TASK DESCRIPTION
Look below for the line with "Deep Repair Serum"; begin the copy there and stop after the line with "Milwaukee, Wisconsin, Stati", keeping the text exact and the pictures out.

TASK MATERIAL
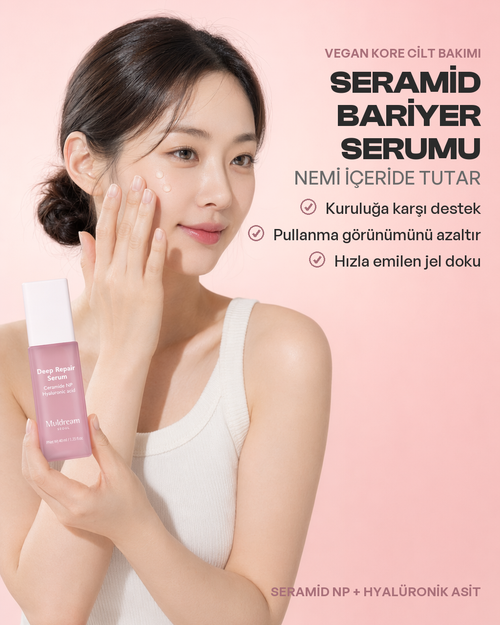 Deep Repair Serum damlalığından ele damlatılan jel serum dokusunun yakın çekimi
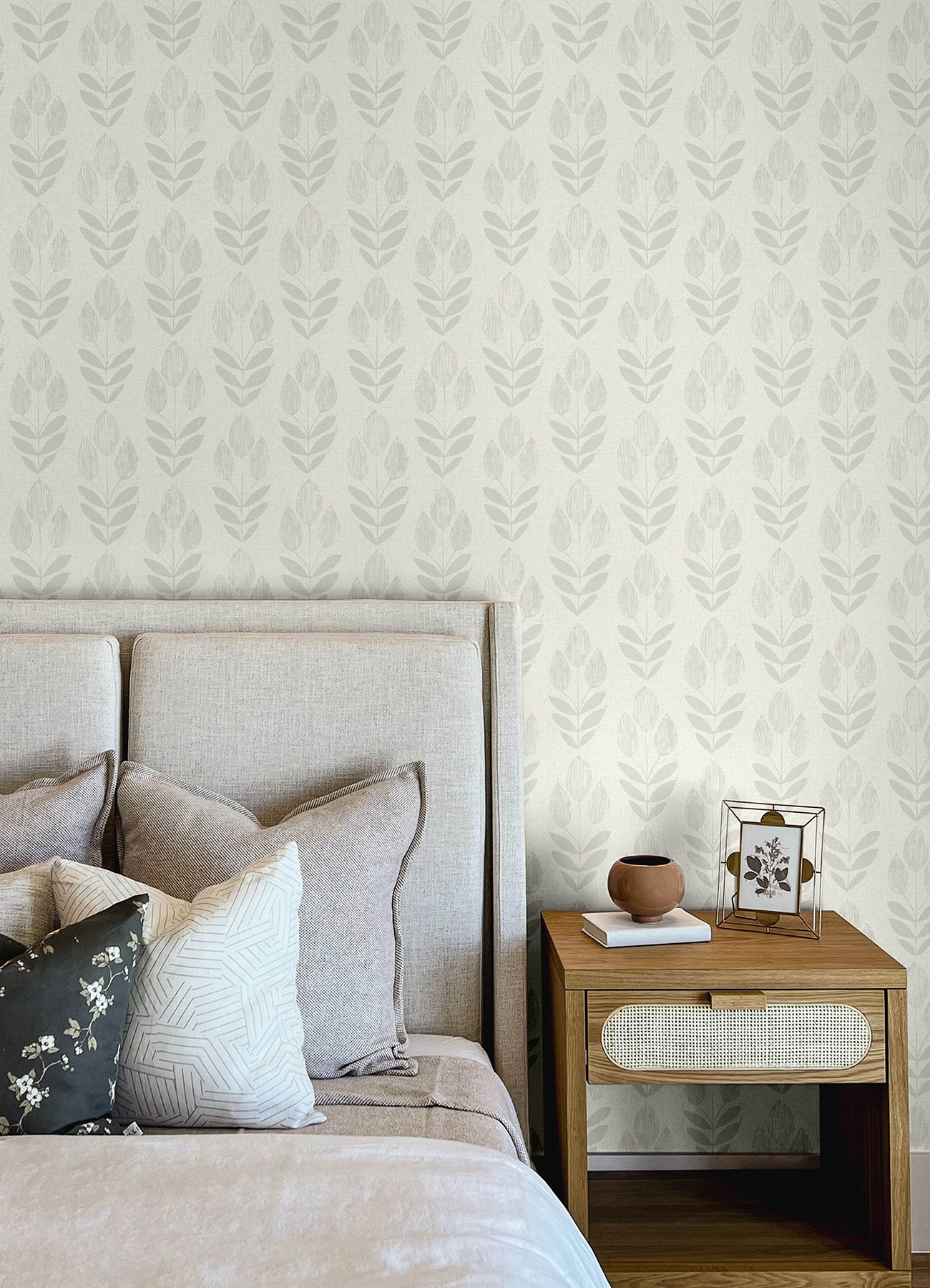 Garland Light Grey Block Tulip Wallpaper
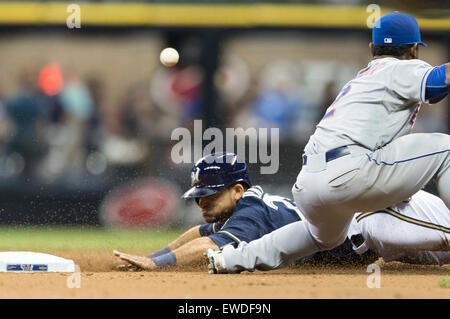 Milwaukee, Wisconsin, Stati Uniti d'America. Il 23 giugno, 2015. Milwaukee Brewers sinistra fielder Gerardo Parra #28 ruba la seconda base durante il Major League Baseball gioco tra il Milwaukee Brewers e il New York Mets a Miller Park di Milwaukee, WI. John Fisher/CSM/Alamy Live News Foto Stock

---

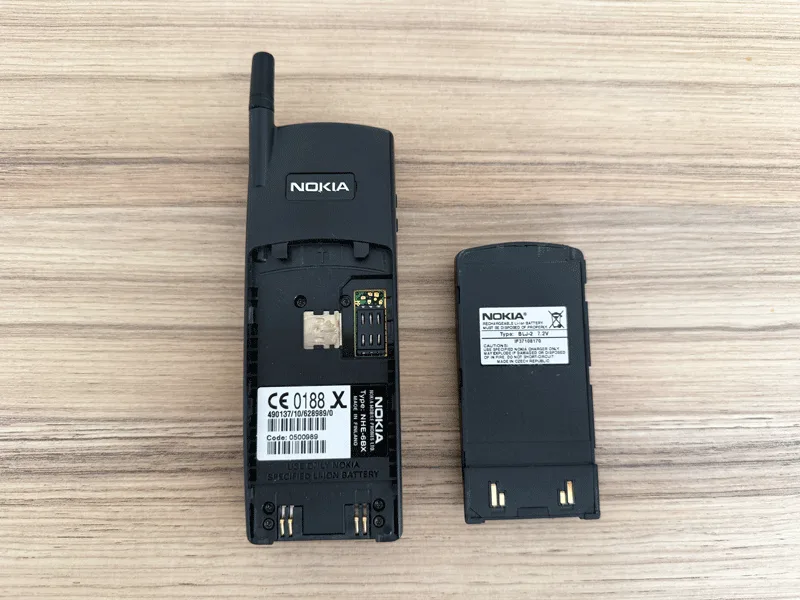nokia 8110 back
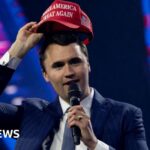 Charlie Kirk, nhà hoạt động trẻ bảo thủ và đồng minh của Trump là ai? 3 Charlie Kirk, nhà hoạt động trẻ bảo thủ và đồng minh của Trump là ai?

RESPONSE TO THE EXERCISE
 Deep Repair Serum damlalığından ele damlatılan jel serum dokusunun yakın çekimi
 Garland Light Grey Block Tulip Wallpaper
 Milwaukee, Wisconsin, Stati Uniti d'America. Il 23 giugno, 2015. Milwaukee Brewers sinistra fielder Gerardo Parra #28 ruba la seconda base durante il Major League Baseball gioco tra il Milwaukee Brewers e il New York Mets a Miller Park di Milwaukee, WI. John Fisher/CSM/Alamy Live News Foto Stock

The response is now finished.